NYPA Launches Study on Climate Change Risks in Operations - Smart Energy Decisions

GHG Emissions  -  August 6, 2021

NYPA Launches Study on Long-Term Climate Change Impact

The New York Power Authority (NYPA) is launching a study of the long-term effects of climate change and extreme weather on its power generation and transmission operations.

The research will be led by Argonne National Laboratory in collaboration with a U.S. Department of Energy Science and Engineering Research Center, the Electric Power Research Institute (EPRI), and Columbia University’s Center on Global Energy Policy (CGEP). The study should help NYPA plan and strengthen its resilience against hazards like major weather events.

The team will use state-of-the-art climate and infrastructure system modeling techniques and one of the world’s fastest supercomputers to conduct the study by modeling global climate models and different greenhouse gas emission scenarios.

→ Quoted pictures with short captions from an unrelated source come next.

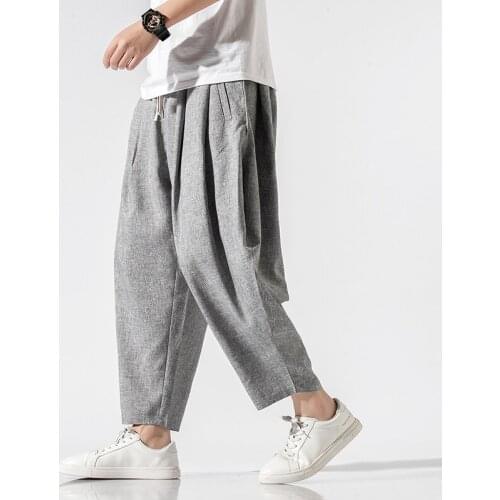Men Wide Leg Pants 2021 Mens Casual Ankle-Length Pants Summer Male Harajuku Chinese Style Harem Pants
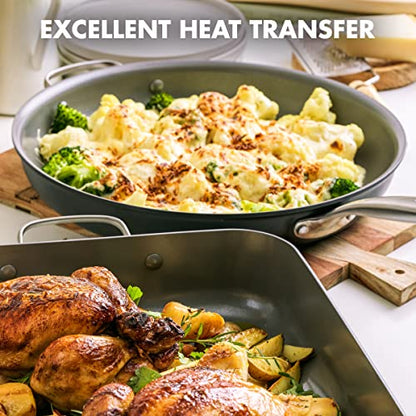 GreenPan Chatham Hard Anodized Healthy Ceramic Nonstick, 13" Frying Pan Skillet with Helper Handle, PFAS-Free, Dishwasher Safe, Oven Safe, Gray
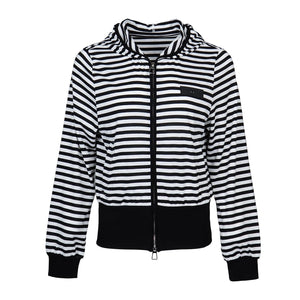 Lapargay Black and White Stripe Contrast, Hooded Zipper Design, Ribbed Waist Slimming Jacket L78201205C - Lapargay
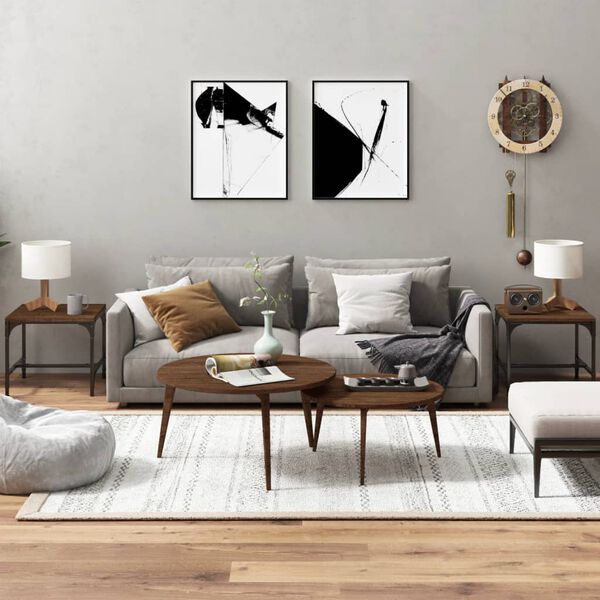 vidaXL Sivupöydät 2kpl ruskea tammi 40x40x35 cm tekninen puu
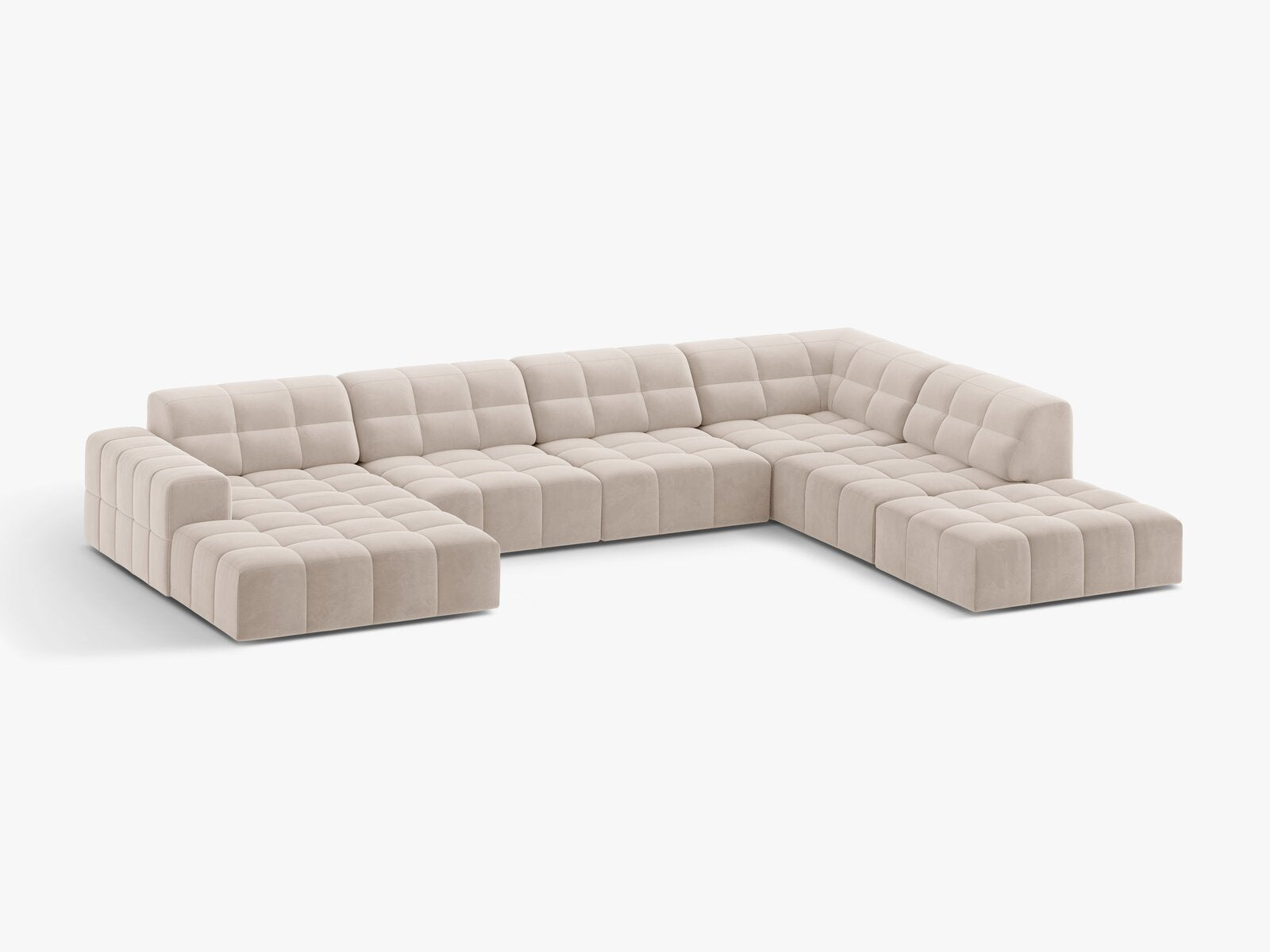 Micadoni Panorama Ecksofa Jennifer 7-Sitzer Rechts Samt Venus Helles Beige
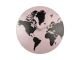 Zegar ścienny World Map metal light pink Karlsson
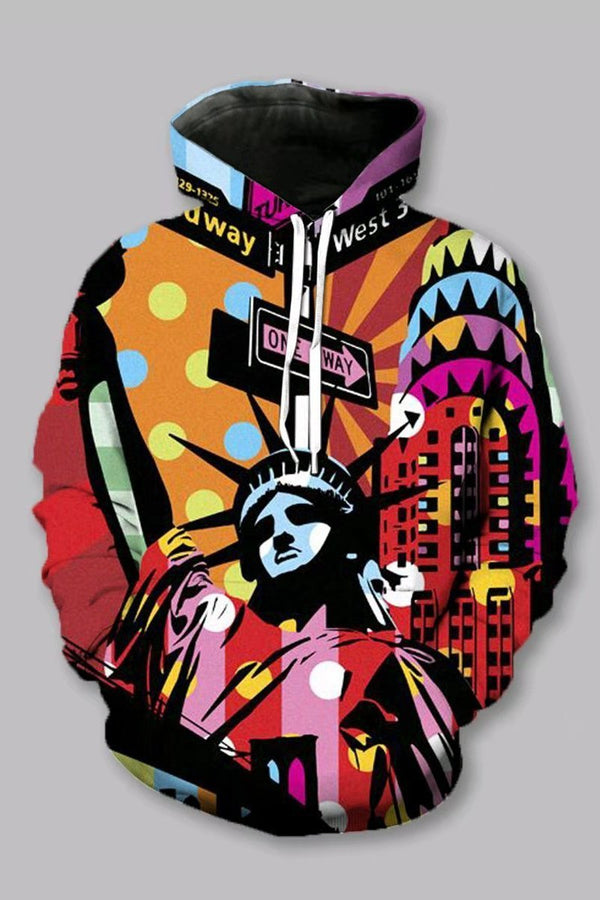 3D Statue of Liberty Printed Hooded Sweatshirt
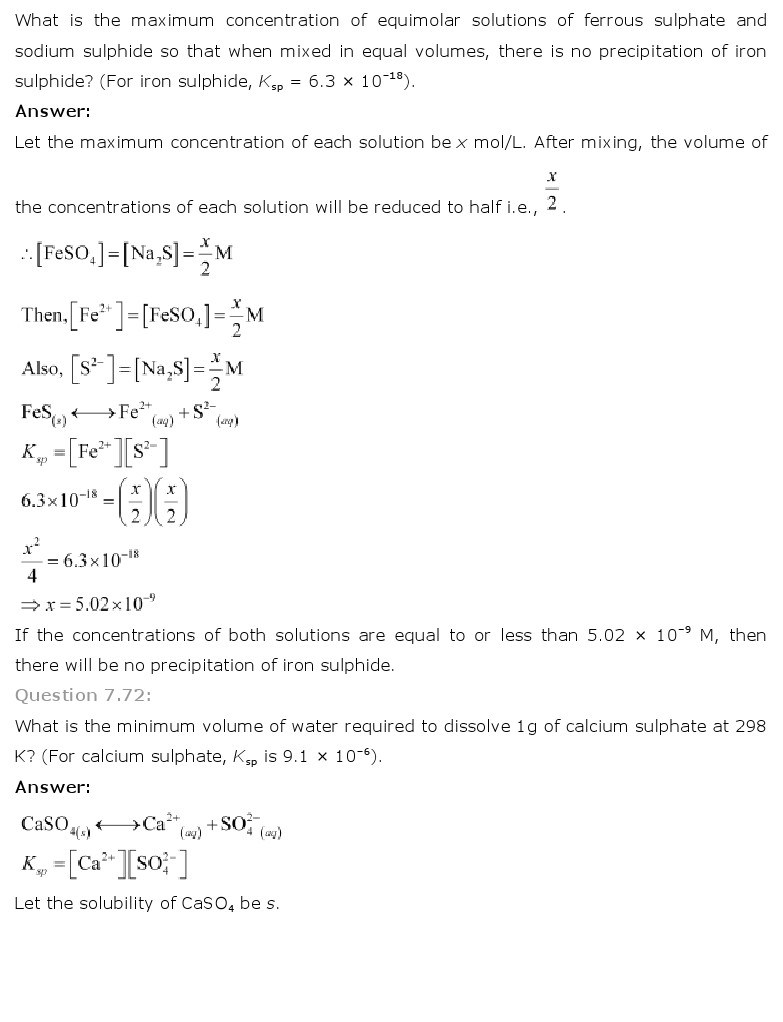 11th, Chemistry, Equilibrium 63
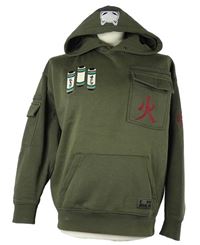 Pánská khaki mikina s nášivkami a kapucí - Naruto 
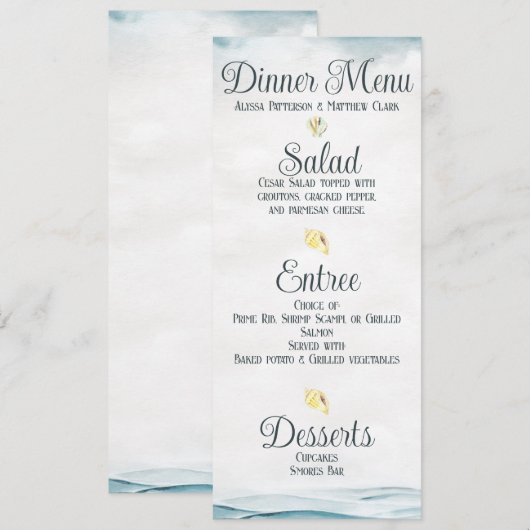 Trouwdiner Menu met Zeevaartthema Kaart (Voorkant / Achterkant)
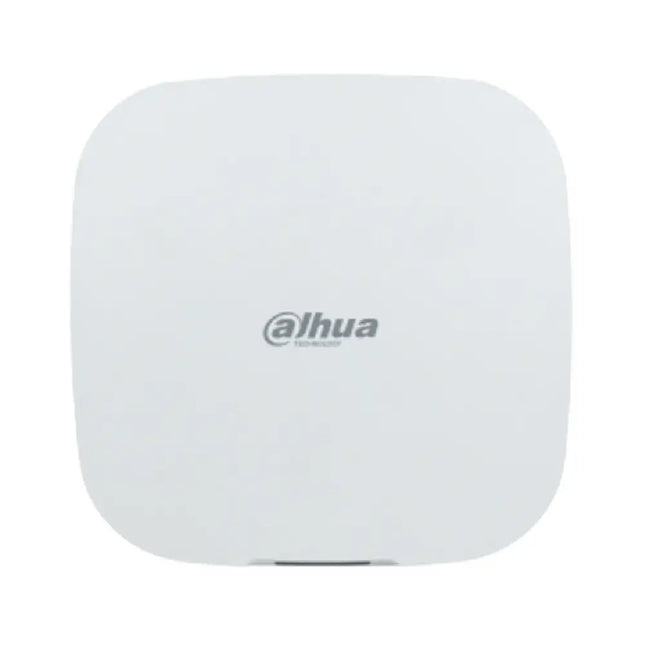 Sleek white Dahua DHI-ARC3000H-FW2 wireless alarm control hub featuring a central LED status indicator light.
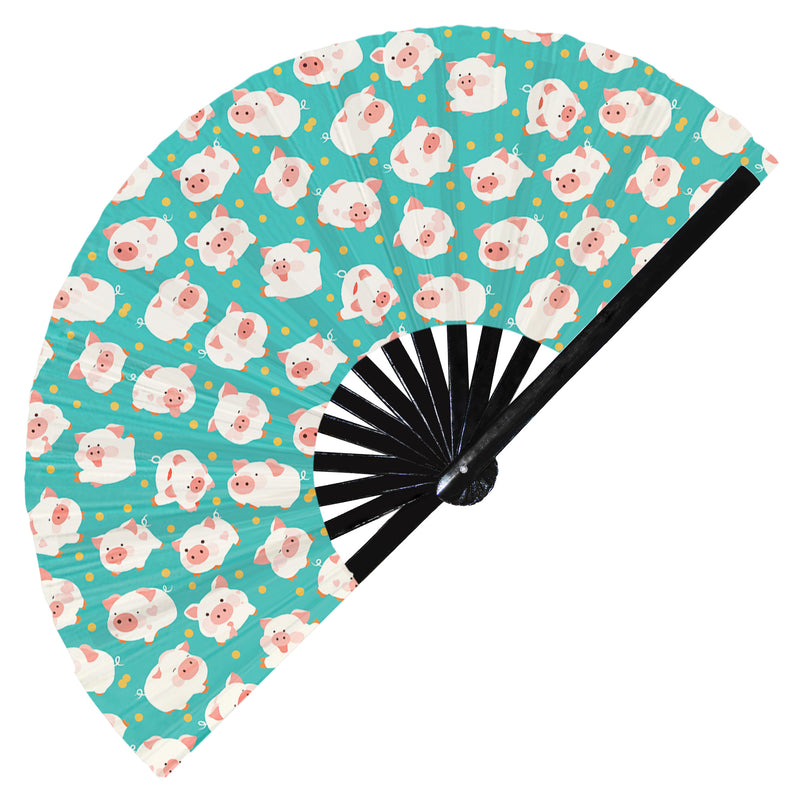 Cute Pig Pattern Bamboo Hand Fan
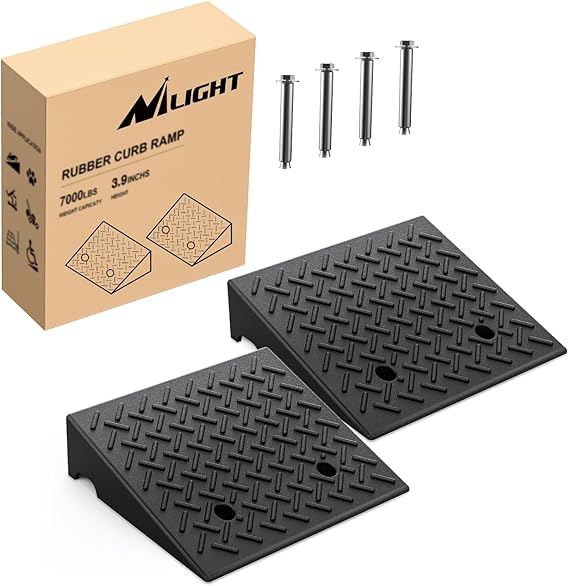 Nilight Rubber Curb Ramps 3.9 Inch Rise, 2-Pack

“It’s imperative that NYPA assess the vulnerability and sensitivity of its generation and transmission systems to climate-driven risks such as increased flooding and extreme temperatures so we can prepare to stand up to these hazards and make smart investments in resiliency strategies,” Gil C. Quiniones, NYPA president and CEO, said in a statement. “The results of this climate analysis will improve our ability to address the risks associated with climate change and inform our strategies and investments in the coming years so that we can continue to ensure a reliable, resilient and affordable electricity system across New York State.“

NYPA currently supplies 25% of New York State’s Power and 80% of that supply comes from hydropower. The research study will include the creation of a climate resiliency plan to help NYPA mitigate any climate-related risks in its operations.

This study is the first phase of a four-year climate adaptation and resilience assessment by NYPA. The second phase in 2023 will focus on assessing the social and economic impact of climate change on NYPA’s customers and stakeholders.